2019-05-19 |  文学 Literature
ーNarrating the Death and Life of Hosokawa Gracia                    
 
Yutaka Tanaka (Prof. Emeritus of Sophia University)
  ( a summary of the lecture at St. Gregorian House)
 
  The death and life of Hosokawa Gracia, who lived in two worlds, Christianity and Bushidō (the moral way of Samurai), has been the theme of many historians, novelists, and dramatists since the Tokugawa Period in Japan. In 1686, the neo-Confucian Hirotada Kurosawa published “Biographies of Valiant Women in Japan” and praised “the noble wife of Hosokawa Tadaoki” who had committed suicide for her husband’s sake as a “paragon of valiant loyalty”. The fact that this lady had a Christian name “Gracia” was completely ignored by Hirotada, because he wrote this narrative after the Amakusa Rebellion reflecting the strict repression of Christianity.

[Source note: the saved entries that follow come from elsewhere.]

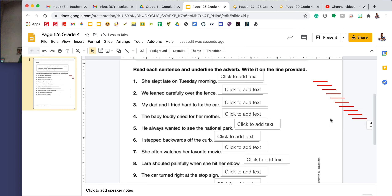Let's take a look at this first page. I'm going to add in some underlines for you, so that you can just drag the lines to identify the adverb in each sentence.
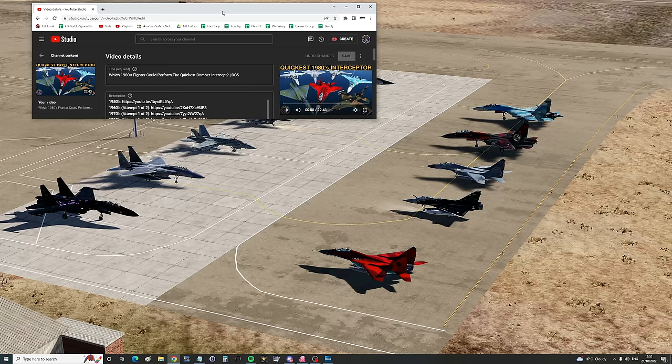Hello valued viewers, I hope you're all doing very well. Last week we did this video — which 1980s fighter could perform the quickest bomber intercept. It was good and good fun, but as ever, we made a few mistakes.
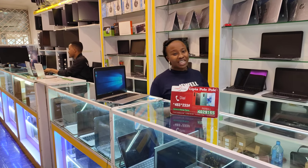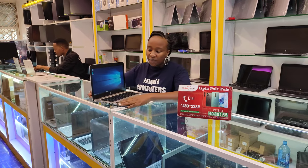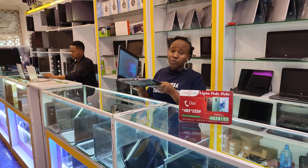My name is Maria from Jewel Computers, karibu sana. Today I want to tell you about this product: HP 840 G3, Core i5 6th generation, 8GB RAM, 256GB SSD, with a 14-inch screen size.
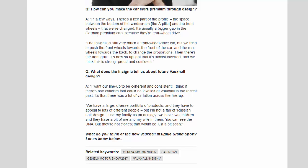Asked what the Insignia tells us about future Vauxhall design, Adams said he wants the lineup to be coherent and consistent, acknowledging that one past criticism was too much variation across the range. 'We have a large diverse portfolio of products and they have to appeal to lots of different people, but I'm not a fan of Russian doll design. I use my family as an analogy — we have two children and they have a bit of me and my wife in them. You can see the DNA but they're not clones. That would be just a bit scary.'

On the other hand, the name of “Gracia(or Gratia)” was known to the 17th century Europe through Jesuit missionaries, and Cornelius Hazardt’s Ecclesiastical Annals (1678) narrated her biography, as “Queen’s Conversion in Tango and her Christian Virtues”. After this biography, the musical drama, Mulier Fortis (Valiant Lady), was written by Johannes Baptist Adolph and composed by Bernhard Staudt. This musical drama was staged in the theatre of Jesuit Gymnasium at Vienna in the presence of the Austrian Emperor (Leopold I) and his family (1698).

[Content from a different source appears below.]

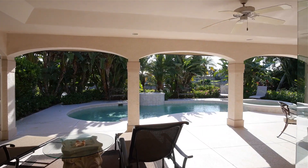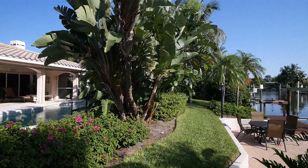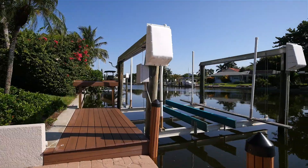Experience a large covered roll-down screen lanai area with grilling station, beautiful tropical vegetation, and a large dock with lift on a seawall canal.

 In Mulier Fortis, Gracia was depicted as the queen who accepted her death as a Christian martyr, but not as a woman who committed suicide. The invariable faith of Gratia enduring hardships was the central theme. The scene of her death in this drama was not staged directly, but was only narrated indirectly as her feeble body’s death caused by severe torture.

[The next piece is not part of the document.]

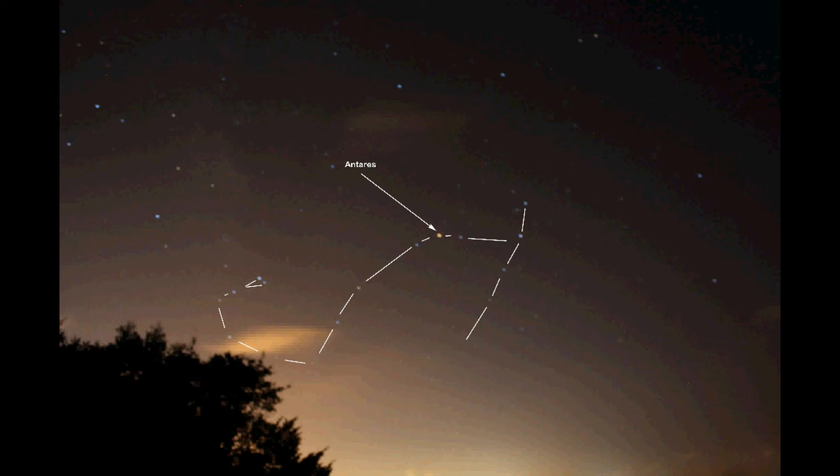Unlike some other constellations that don't readily appear like anything they're said to represent, Scorpius at least looks somewhat like a giant celestial scorpion. At its neck is the red giant Antares — I'm just going to point out Antares to you right here. That is the red giant Antares.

In spite of many historical inaccuracies such as the inexact date of Gracia’s death, Mulier Fortis was consistent in observing the Christian law forbidding suicide, but  at the same time it praised Gracia as a “valiant lady” having practiced the Christian way of life, or Imitatio Christi. Owing to Christ’s Life over Death on the Cross, she was able to accept her death serenely. The following monologue of Gracia (Act I, Scene V) is very impressive:
 
O culpa felix! Pro deo si sim rea, Non bene saluti consulam auxilio fugae. Hic esto fortis, Gratia, hic standum tibi! Tota solutes orcus, Eumenidum manu, In me recumbat; corde non tollet deum.
 
(O blessed crime ! If for God’s sake I am guilty, to look solely to my own welfare by fleeing adversity would be wrong. Here you must be valiant, Grace. Here you must stand firm! Though the gates of Hell stand open and its band of Furies come against me, still shall God remain fixed within my heart.)
 
The above lines reflect the contemporary reports of Jesuit missionaries in 17th century, and expresses very convincingly the reason why Gracia did not escape from hardships but accepted martyr’s death following the way of Christ.
 
  Among many dramas written in Japanese after the Meiji Restoration, “Hosokawa Gracia” written by Herman Heuvers in 1940 is remarkable in his deep knowledge of Japanese cultural tradition. This drama was adapted and composed by Vincenzo Cimatti as an opera, first staged at Tokyo Hibiya Public Hall in 1940, and recently revived at the Chofu Green Hall in 2016.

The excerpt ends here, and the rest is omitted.